Kramer is a former construction worker. On October 3, 1985, he worked as a cement cutter on a water line installation job. Using a concrete saw, Kramer made cuts down the length of a slope on 7th Avenue West. As a result of these cuts, the slope was covered with slurry, a very fine, slippery mud.

While Kramer worked cutting the concrete, another worker, Steve Nelson, operated a Case backhoe near the top of the slope. During a repositioning maneuver in which Nelson used the pavement breaker attached to the backhoe's boom as an anchor, the backhoe went out of control and slid or rolled down the hill. The backhoe's shovel knocked Kramer down and dragged him 50 feet. Kramer suffered injuries to his left heel, both ankles and back, as well as numerous scrapes and bruises. Kramer was unable to return to his former employment.

On July 31, 1986, Kramer filed a product liability action in Bang County Superior Court against several defendants, including Case. He alleged that the backhoe was not reasonably safe in design or construction, and that inadequate warnings were provided. Kramer filed an amended summons and complaint on October 29, 1986, before any defendant filed an answer, and evidently before any defendants were served. Kramer paid a second filing fee at this time. Presumably because of the filing fee payment, the court clerk assigned the amended complaint a new cause number. Case was served with a copy of the amended summons and complaint on October 31, 1986.

The matter went to trial in December 1989. The jury entered a defense verdict, finding that Case did not "supply a product in which the boom was not reasonably safe as designed or was not reasonably safe because adequate warnings or instructions were not provided with the product". Consequently, the jury did not reach questions *547 of contributory negligence or damages. Kramer moved for a new trial. The court denied his motion. This appeal followed.

Adequacy of Record

A preliminary issue concerns the adequacy of the record. In an effort to limit his expenditures, Kramer had only a partial verbatim transcript prepared. Case thought the record inadequate and obtained from the trial judge an order requiring Kramer to supplement the existing transcript. Kramer did not do so, and Case moved in this court for an order mandating compliance with the trial court order or dismissing the case. On January 4, 1991, the commissioner denied Case's motion. He ordered that:

The Kramers' appeal on the merits may proceed on the record they have provided. This ruling in no way finds that record sufficient for purposes of appellate review. If a panel later agrees with the trial court that additional record is necessary, it may refuse to consider the issue on appeal. State ex rel. Dean v. Dean, 56 Wn. App. 377, 382, 783 P.2d 1099 (1989).

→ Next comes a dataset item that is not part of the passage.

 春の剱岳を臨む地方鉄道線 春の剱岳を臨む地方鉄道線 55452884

Case attacks this ruling in its respondent's brief filed 1 month after the commissioner's order. Its attack is untimely. A party aggrieved by a commissioner's ruling can only object by a motion to modify filed no later than 10 days after the ruling is filed. RAP 17.7. If no such motion is filed, the ruling becomes a final decision of the court. Gould v. Mutual Life Ins. Co., 37 Wn. App. 756, 758, 683 P.2d 207 (1984); see also State v. Rolax, 104 Wn.2d 129, 135, 702 P.2d 1185 (1985).

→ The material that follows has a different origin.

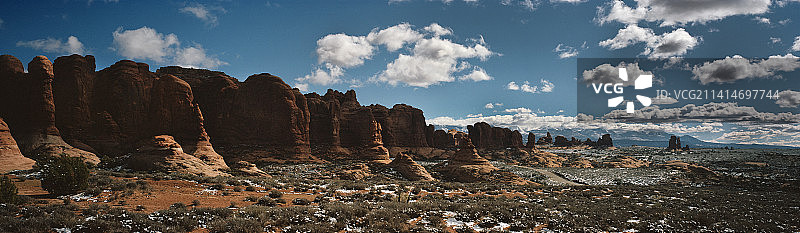 美国犹他州摩押天空下的全景景观图片素材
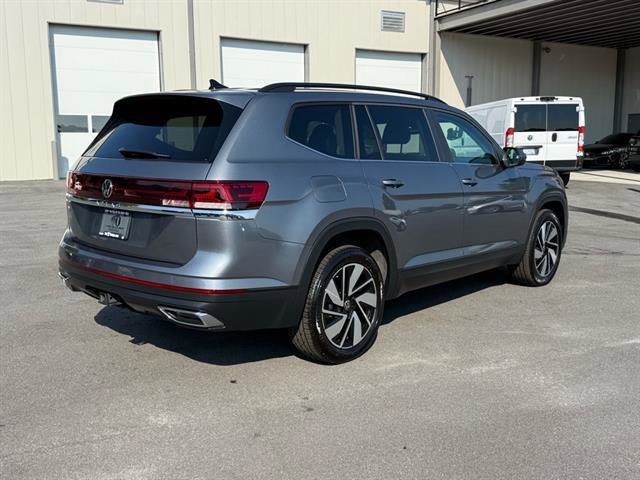 Used 2024 Volkswagen Atlas SE image 3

In any event, we see no basis for setting aside the commissioner's riding and dismissing Kramer's appeal. Case has not demonstrated that it suffered any prejudice from the lack of a complete record. There is, therefore, no reason to employ any sanction other than the ordinary sanction of refusing to consider matters for which there is an inadequate record. E.g., State ex rel. Dean v. Dean, 56 Wn. App. 377, 382, 783 P.2d 1099 (1989).

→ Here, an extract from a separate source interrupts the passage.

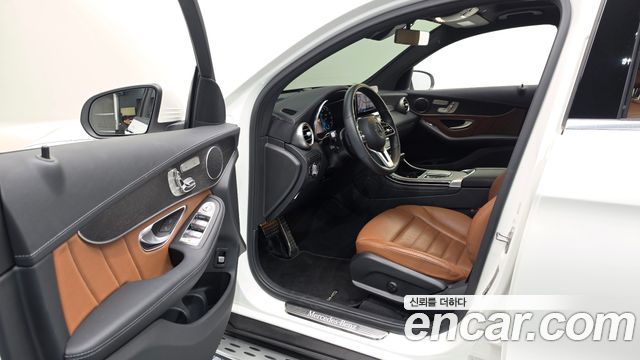 Mercedes-Benz GLC-Class 2021 — photo 13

*548 Appplication of Tort Reform Act

Turning to the merits, we first consider Kramer's contention that the trial court erred in ruling that the tort reform act (Act), which applies to complaints filed on or after August 1, 1986, governs this case. The trial court concluded that Kramer's July 31, 1986, filing did not preclude application of the Act because Kramer paid a second filing fee when he filed his amended complaint in October 1986 and only served defendants under the cause number assigned to the October complaint. In so ruling, the court relied on RCW 4.16.170, the tentative commencement statute, which establishes when filing the summons and complaint alone can toll a statute of limitations. The court reasoned that, although RCW 4.16.170 expressly concerns only the tolling of limitation statutes, it also establishes that a lawsuit does not "blossom . . . into a full lawsuit" unless service is made within 90 days of the day a suit is filed.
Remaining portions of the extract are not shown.